Angelo Peretti
Come espresso nella mia prima formulazione dell'Elogio del vinino, essenza stessa del vinino è la piacevolezza di beva, che per la propria caratteristica di soggettività non è quantificabile mediante scale empiriche universali, e men che meno con le rigide classificazioni centesimali in uso negli attuali sistemi di valutazione ufficiali del settore vitivinicolo o nei criteri di selezione diffusi presso ampia parte della critica internazionale.
Peraltro, essendo la soggettività ad ampio spettro, poiché variabile di persona in persona, si ritiene opportuno delineare alcuni elementi costitutivi essenziali della “piacevolezza del vinino”, senza con questo escludere che vini dotati di diverse connotazioni possano apportare pari, se non superiore, piacere: tale diversa piacevolezza, peraltro, deriva da elementi e fattori che non si configurano nella definizione di vinino.

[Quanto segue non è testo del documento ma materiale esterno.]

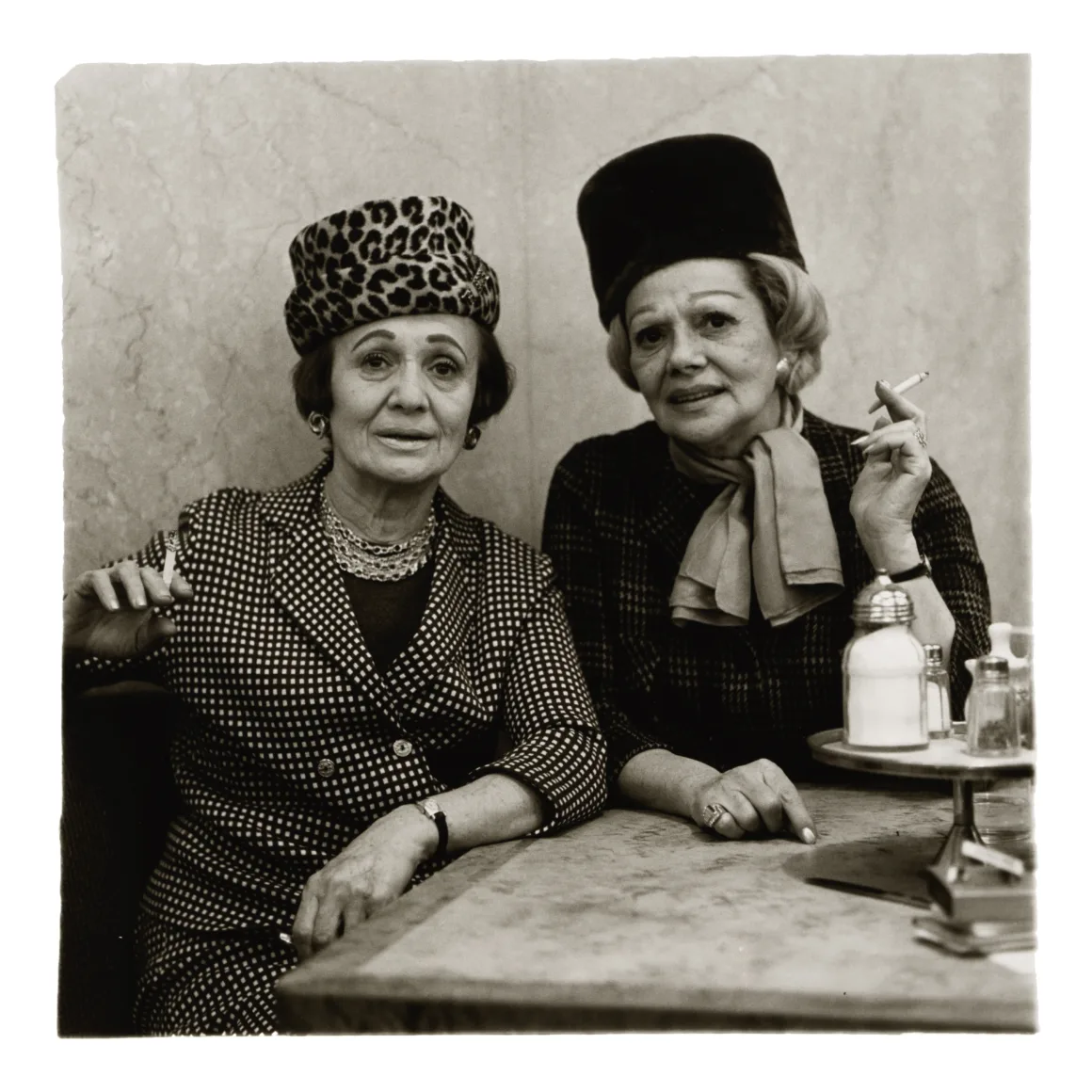 Diane Arbus Fotoğrafları Bonhams Müzayedesine Damga Vuracak 1 Diane Arbus Fotoğrafları Bonhams Müzayedesine Damga Vuracak
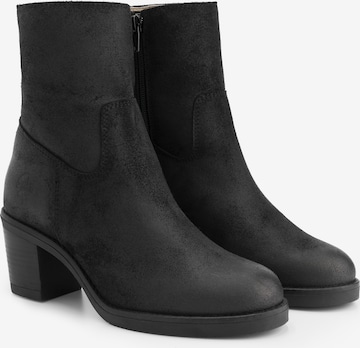 Travelin Ankle Boots in Black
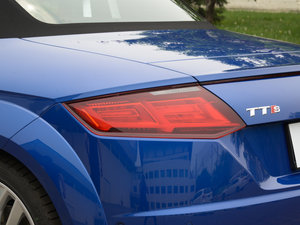 2016Roadster quattro ^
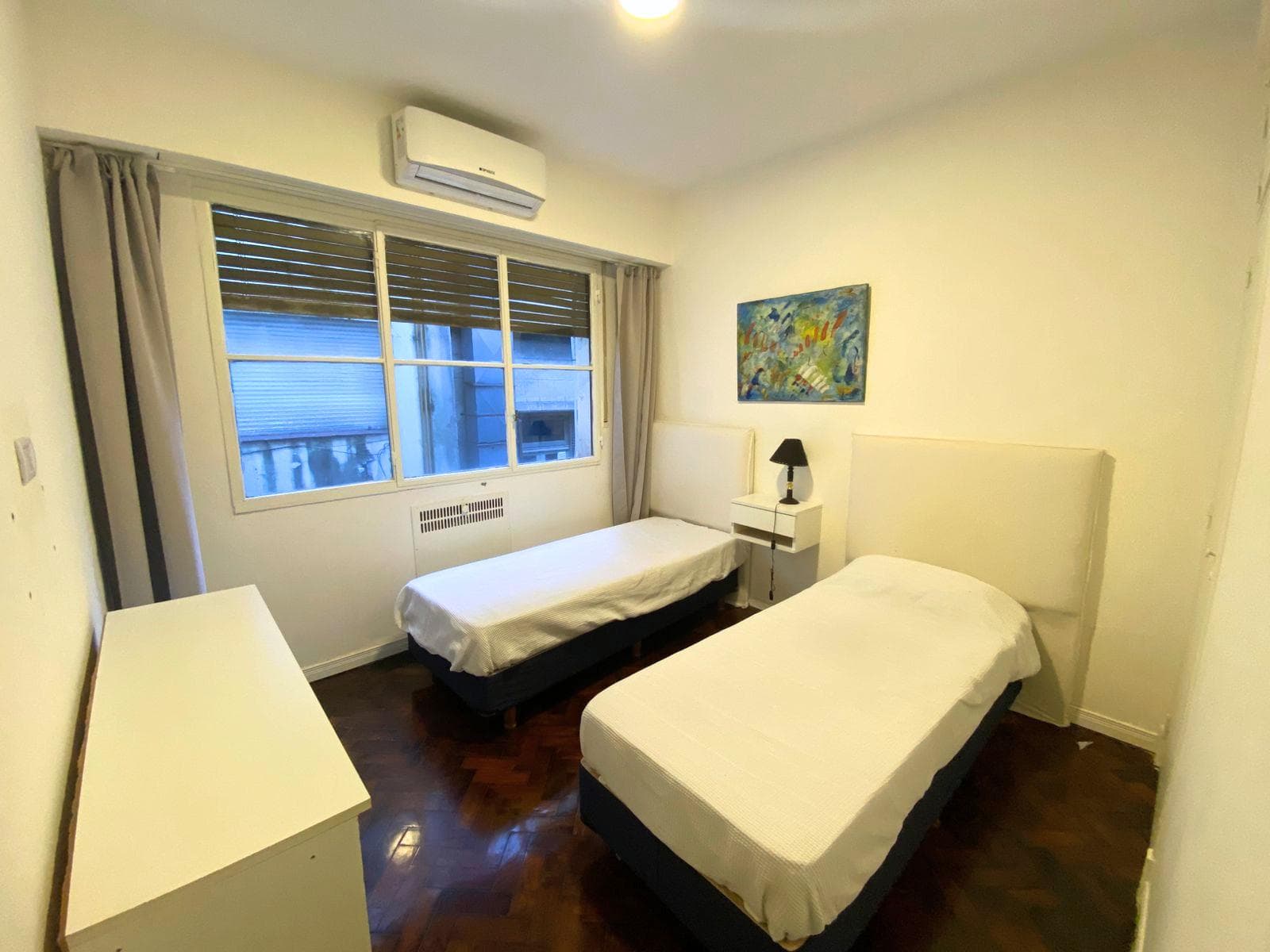2-bedroom apartment for sale in Balvaneda, one block from Callao Avenue and Subway Line B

E dunque eccomi ad un ulteriore step nella definizione del vinino. Ovviamente da discutere.
Appunti per una estetica del vinino
Pur gradevole da bere fuori pasto, il vinino ha come caratteristica saliente l’estrema abbinabilità con il cibo, grazie alle proprie doti di elevata versatilità negli accostamenti gastronomici.
Essendo improntato all’immediatezza di beva, la gradazione alcolica del vinino non supera, di norma, il 12,5%.
Il quadro organolettico del vinino si rifà ai caratteri delle uve e del territorio di origine: viene pertanto ritenuto essenziale che il vinino trasmetta le sensazioni varietali tipiche dei vitigni di origine, in termini di apporti fruttati o vegetali, nonché le percezioni salienti del terroir d’origine in termini di sapidità, freschezza, mineralità, speziatura.
Essendo il carattere varietale originario uno dei canoni elettivi del vinino, di norma viene escluso l’utilizzo di qualunque tecnica di appassimento delle uve, nonché il ricorso a surmaturazioni che inducano eccessiva alcolicità o dolcezza.
Normalmente, allo scopo di non alterare il quadro organolettico riveniente dalle uve e dal territorio di origine, tutte le fasi di vinificazione del vinino avvengono in contenitori di acciaio o di cemento e parimenti nelle stesse, o nel vetro, avviene l’affinamento, escludendosi invece la botte – di qualsiasi dimensione – qualora il suo eventuale utilizzo apporti tracce evidenti sotto il profilo organolettico.
Per rispondere all’esigenza dell’immediatezza di beva, il vinino viene normalmente posto in commercio nell’anno successivo alla vendemmia delle uve da cui trae origine; nel caso di più protratti affinamenti, in termini generali sono in ogni caso da escludersi fra i caratteri organolettici del vinino le sensazioni terziarie derivanti dal prolungato affinamento o dall’invecchiamento.
Per meglio individuare la corrispondenza ai caratteri essenziali del terroir d’origine, di norma il vinino viene prodotto nell’ambito delle previsioni delle denominazioni di origine o delle indicazioni protette, escludendosi in ogni caso i vini derivanti da uve provenienti da una pluralità di aree geografiche oppure, in linea generale, da vitigni non caratteristici dei territori di origine (ancorché non necessariamente autoctoni); fanno eccezione i vini che, a causa di lacune o di restrizioni normative, vengano ottenuti da vitigni storici o comunque da lungo tempo acclimatati nella zona di produzione, ma non ricompresi nelle varietà normate dai disciplinari dello specifico territorio, ovvero ricompresi solo in termini di apporto parziale.